Only a child of Pollyanna and Dr. Pangloss could possibly believe that the environment will be more promising for gun control after the 2014 elections. Democrats will be lucky to hold their own in the Senate (especially with Pryor and Begich on the Bloomberg enemies list), while the party that controls the White House almost invariably loses congressional seats in the sixth year of a presidential term. With the searing memories of Newtown fading by 2015 and non-gun-related crises likely to dominate the national debate, it is hard to envision how background checks would make it through Congress in the lame-duck months of Obama’s second term. And such a four-year failure, alas, would only strengthen the purported political clout of the NRA.

For all the talk that 90 percent of the American people favor background checks (actually, in most surveys it is closer to 80 percent), there has been little movement in the polls on gun legislation since Obama vigorously enlisted in the crusade.

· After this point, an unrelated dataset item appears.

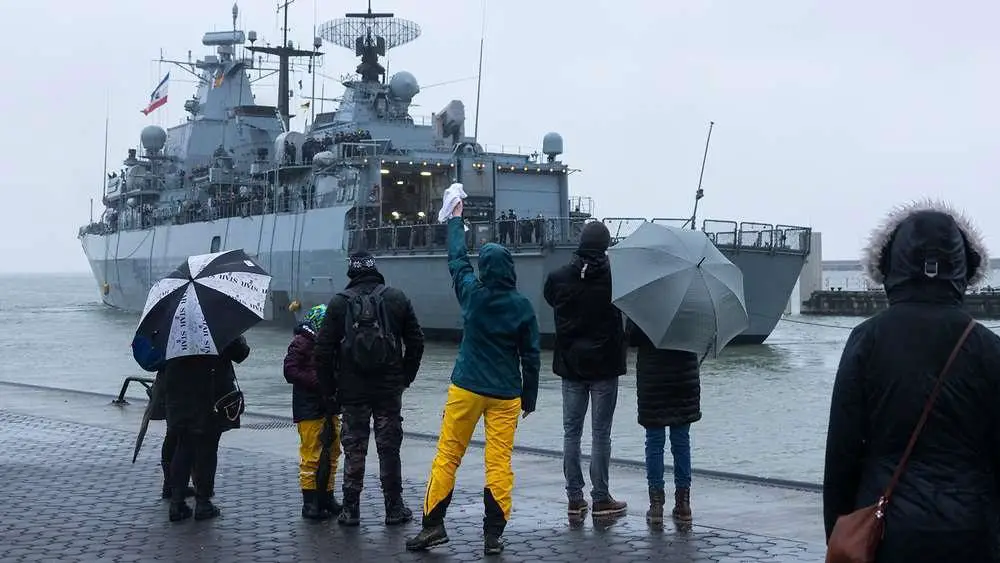German Navy Frigate Mecklenburg-Vorpommern Joins NATO’s Very High Readiness Joint Task Force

For example, a CBS News/New York Times Poll found in January that 54 percent of voters believed that “gun control laws should be made more strict.” In early June, that number was an almost identical 51 percent. Other polls also show that public sentiment on gun control is frozen, despite Obama’s advocacy and the energy of new groups like Gabby Giffords’s Americans For Responsible Solutions. The point is not that gun legislation is unpopular. Rather, it is hard to find evidence in the surveys that the movement is gaining the momentum needed to sway wavering legislators.

Maybe the strategic mistake made by the White House and liberals in the anguished days after Newtown was to automatically return to the familiar litany of gun-control proposals, from an assault-weapons ban to enhanced background checks. Rather than changing the conversation on gun violence, the debate followed the familiar contours of the culture war. Legislative defeat was almost inevitable, no matter how many passionate speeches the president made. And it is hard to see how this preordained failure in Congress brings us any closer to preventing future carnage in elementary schools and movie theaters.

In hindsight, as counterintuitive as it may seem, liberals should have listened carefully when the NRA embraced the cause of mental health in a cynical effort to deflect blame from firearms. With federal mental-health programs underfunded since the Reagan years, it might have been fruitful to challenge the NRA and their Republican backers to support, say, $10-$20 billion for expanded mental-health programs as a memorial to Newtown.

Blumenthal, in particular, sees the continuing potential for expanded mental-health funding at a time of budget austerity. “I think the focus on firearms and background checks was not a mistake,” he said. “But I think it’s not too late to broaden it to mental health. I talked about mental health, other people talked about mental health, but it was always the phrase at the end of the sentence.”

A second-term president only gets to go to the nation on behalf of a limited number of causes before his administration gives way to lame-duck exhaustion. After Newtown, Obama uncharacteristically went with his heart rather than his head. But without a coherent strategy, without a different approach to curbing gun violence, he has little to show for his laudable efforts. And that is the second tragedy of Newtown.